──────── Records

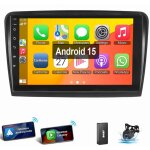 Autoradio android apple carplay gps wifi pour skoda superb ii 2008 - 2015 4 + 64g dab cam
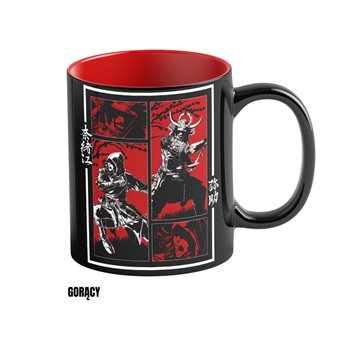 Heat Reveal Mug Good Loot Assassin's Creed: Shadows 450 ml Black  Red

────────────────
──────── Records

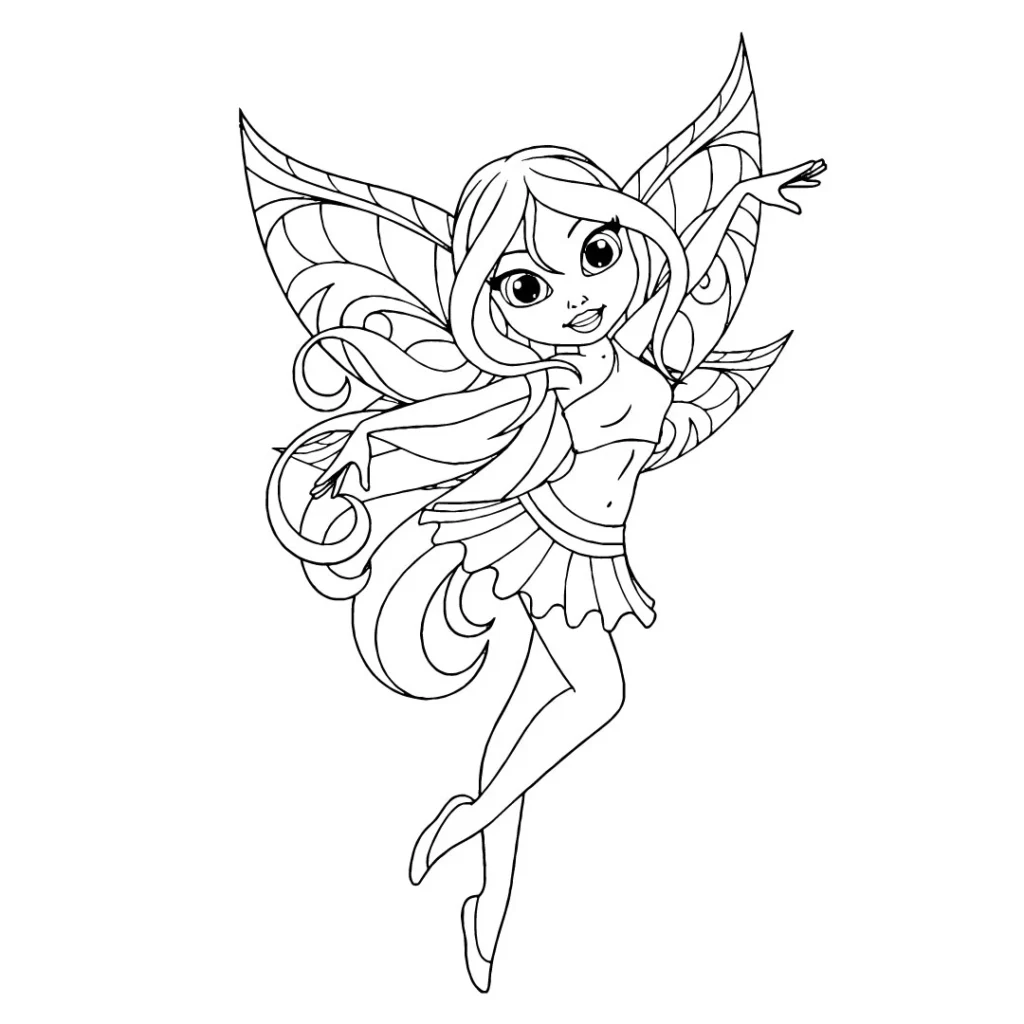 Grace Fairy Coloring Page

────────────────

* [Activity]:
Look back at the data above, then output exactly the lines from the line holding "Autoradio android apple" up to and including the line holding "Heat Reveal Mug". Leave out the pictures.

* [Task response]:
 Autoradio android apple carplay gps wifi pour skoda superb ii 2008 - 2015 4 + 64g dab cam
 Heat Reveal Mug Good Loot Assassin's Creed: Shadows 450 ml Black  Red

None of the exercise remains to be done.